HOW TO COMPLETE THIS TASK:
Every entry below is to be copied exactly, apart from any picture it holds.

[ENTRIES SHOWN Boundary: Start]

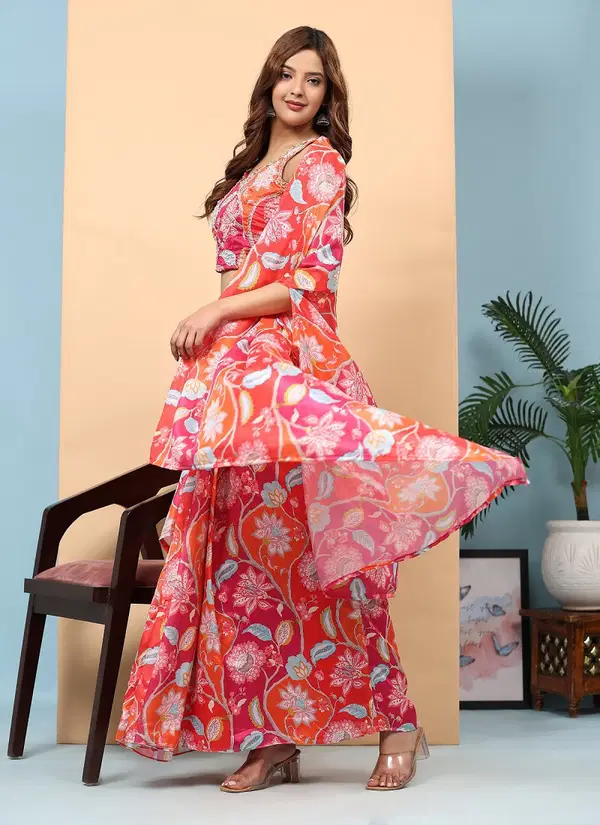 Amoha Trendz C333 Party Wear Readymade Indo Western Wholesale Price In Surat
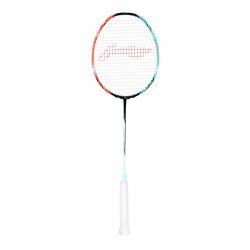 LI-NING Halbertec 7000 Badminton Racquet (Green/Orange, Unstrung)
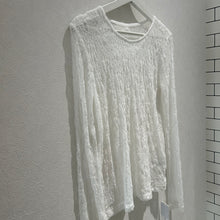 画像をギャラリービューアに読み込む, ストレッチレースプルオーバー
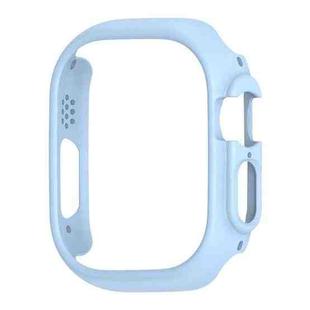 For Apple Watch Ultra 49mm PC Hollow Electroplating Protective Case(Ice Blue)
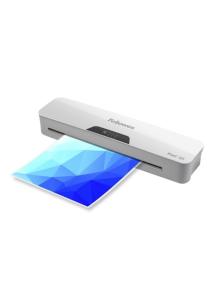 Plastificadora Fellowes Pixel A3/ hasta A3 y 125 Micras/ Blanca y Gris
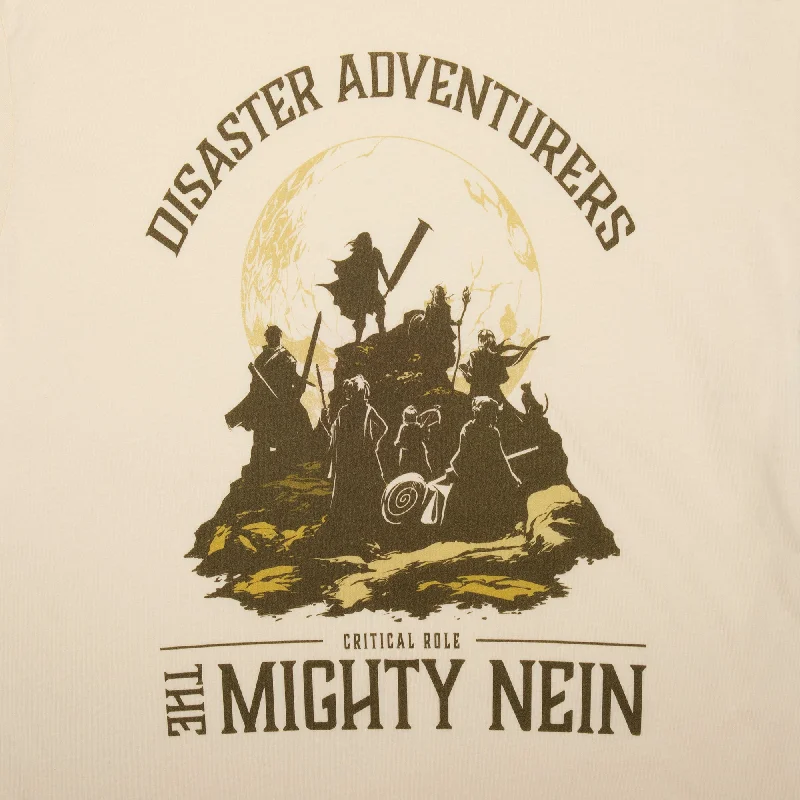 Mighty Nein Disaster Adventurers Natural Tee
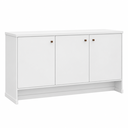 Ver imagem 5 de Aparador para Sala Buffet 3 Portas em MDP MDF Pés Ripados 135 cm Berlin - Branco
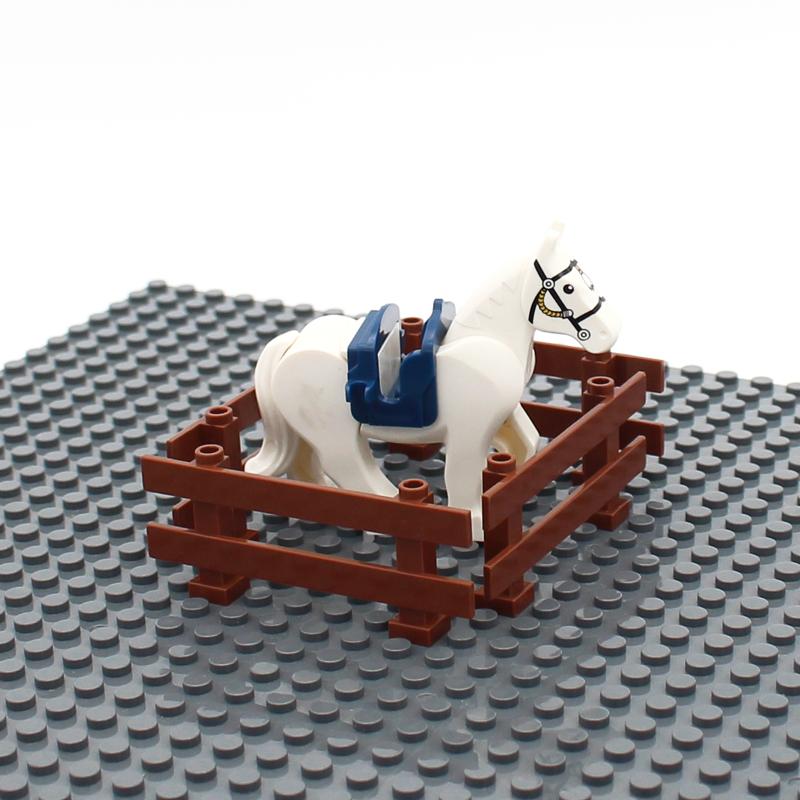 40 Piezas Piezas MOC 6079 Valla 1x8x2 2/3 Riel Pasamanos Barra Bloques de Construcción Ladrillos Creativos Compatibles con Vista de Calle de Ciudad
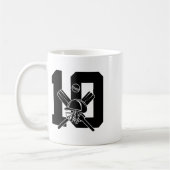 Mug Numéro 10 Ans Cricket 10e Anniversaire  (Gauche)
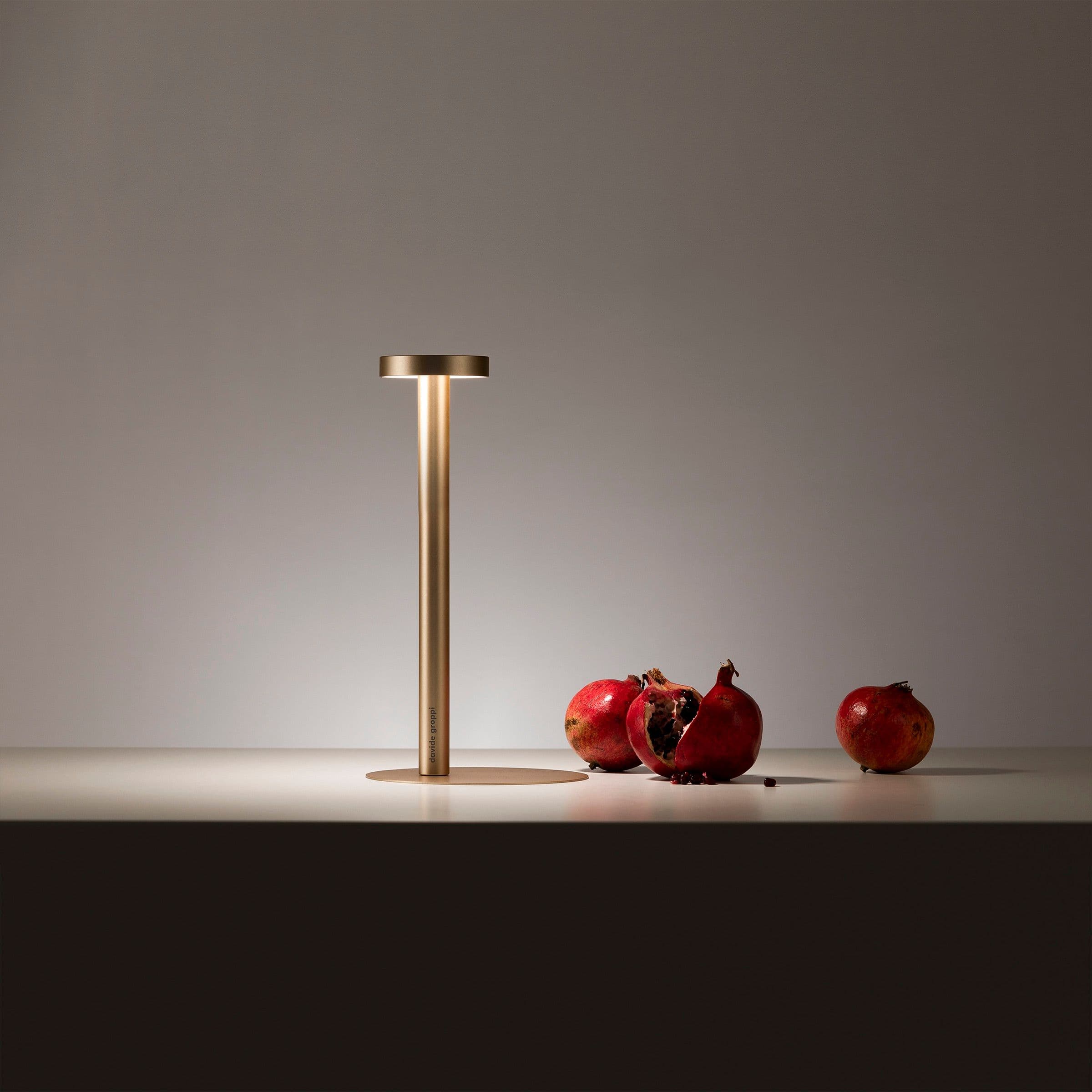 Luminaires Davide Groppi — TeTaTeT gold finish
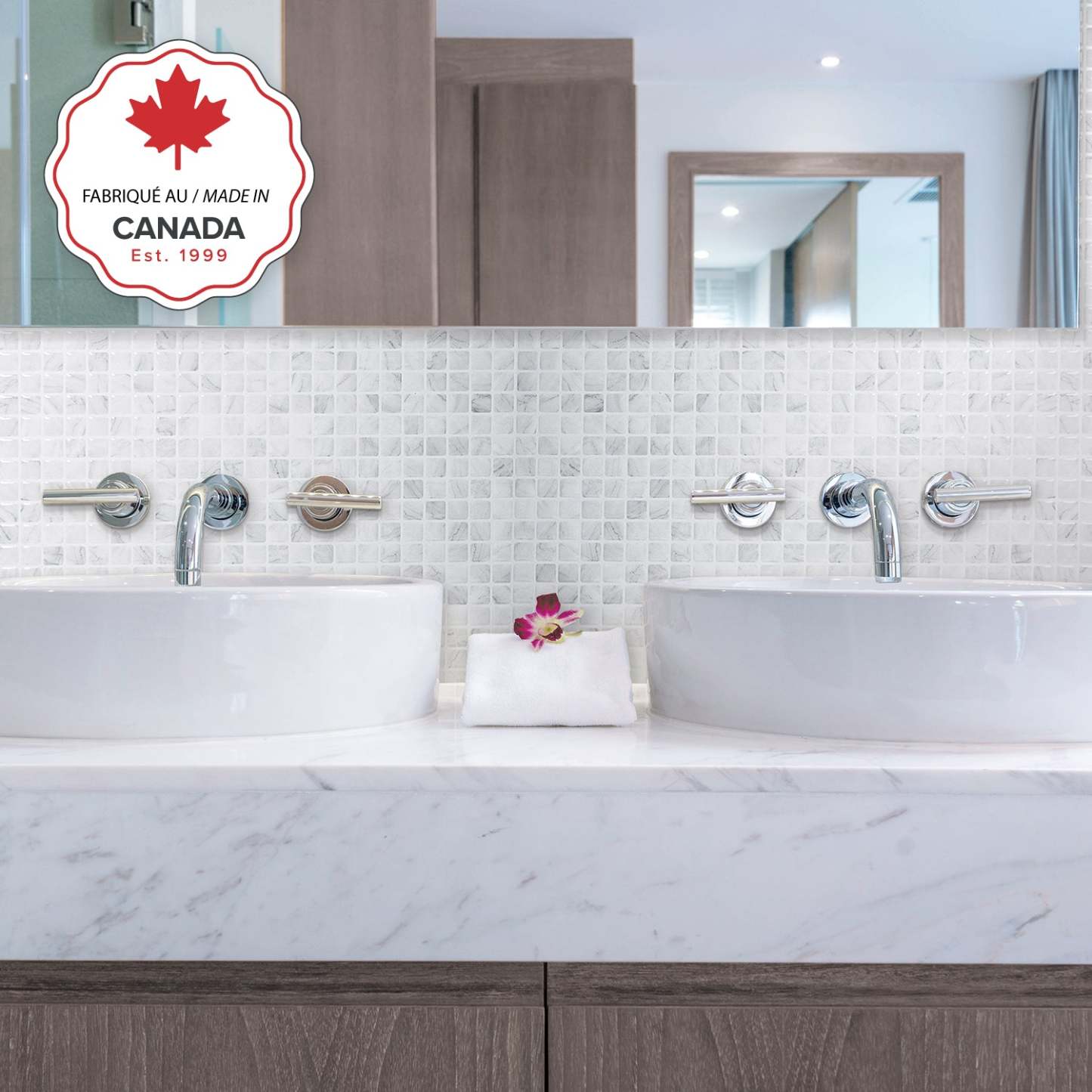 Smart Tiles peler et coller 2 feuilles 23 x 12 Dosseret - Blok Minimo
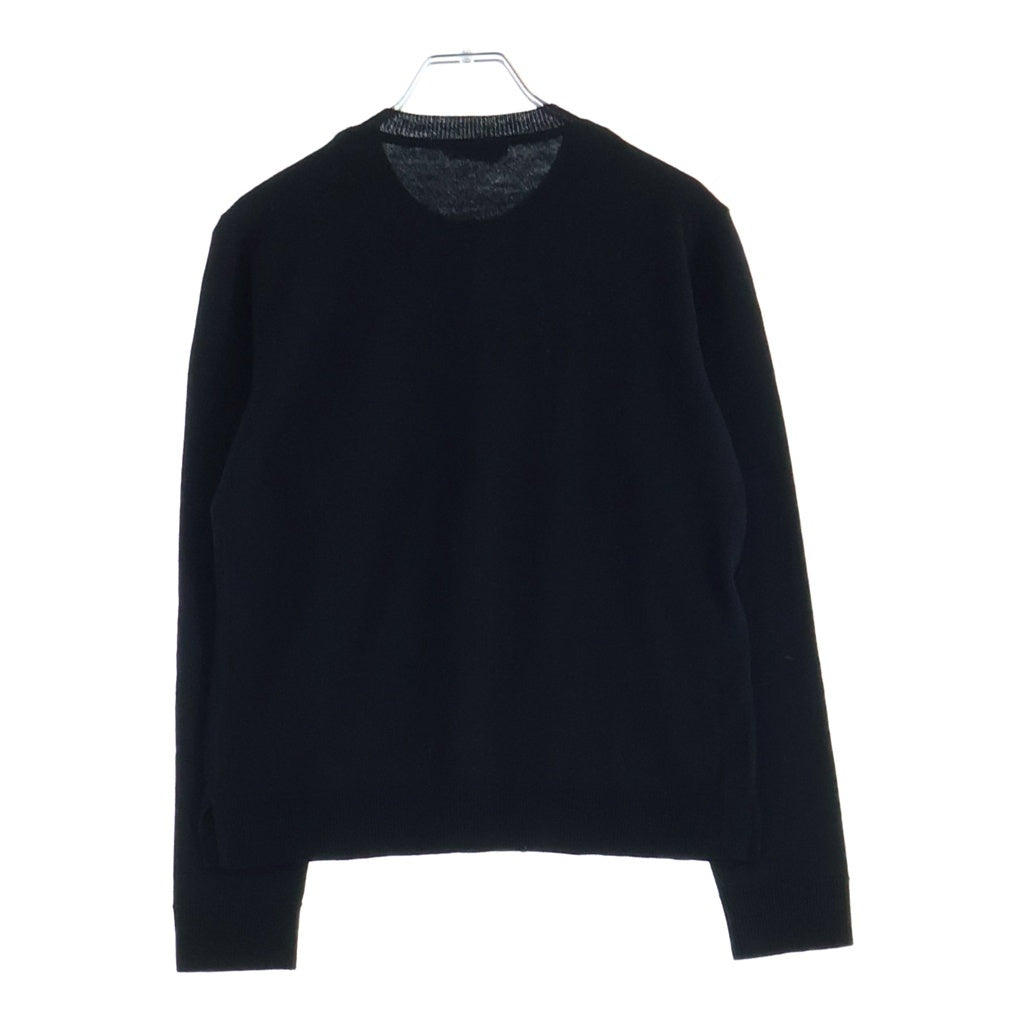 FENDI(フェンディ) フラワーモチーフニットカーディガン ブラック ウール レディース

[ENTRIES SHOWN Boundary: End]

RESULT FOR THIS EXERCISE:
 Amoha Trendz C333 Party Wear Readymade Indo Western Wholesale Price In Surat
 LI-NING Halbertec 7000 Badminton Racquet (Green/Orange, Unstrung)
 画像をギャラリービューアに読み込む, ストレッチレースプルオーバー
 For Apple Watch Ultra 49mm PC Hollow Electroplating Protective Case(Ice Blue)
 Plastificadora Fellowes Pixel A3/ hasta A3 y 125 Micras/ Blanca y Gris
 Mighty Nein Disaster Adventurers Natural Tee
 Ver imagem 5 de Aparador para Sala Buffet 3 Portas em MDP MDF Pés Ripados 135 cm Berlin - Branco
 40 Piezas Piezas MOC 6079 Valla 1x8x2 2/3 Riel Pasamanos Barra Bloques de Construcción Ladrillos Creativos Compatibles con Vista de Calle de Ciudad
 Mug Numéro 10 Ans Cricket 10e Anniversaire  (Gauche)
 Luminaires Davide Groppi — TeTaTeT gold finish
 Smart Tiles peler et coller 2 feuilles 23 x 12 Dosseret - Blok Minimo
 FENDI(フェンディ) フラワーモチーフニットカーディガン ブラック ウール レディース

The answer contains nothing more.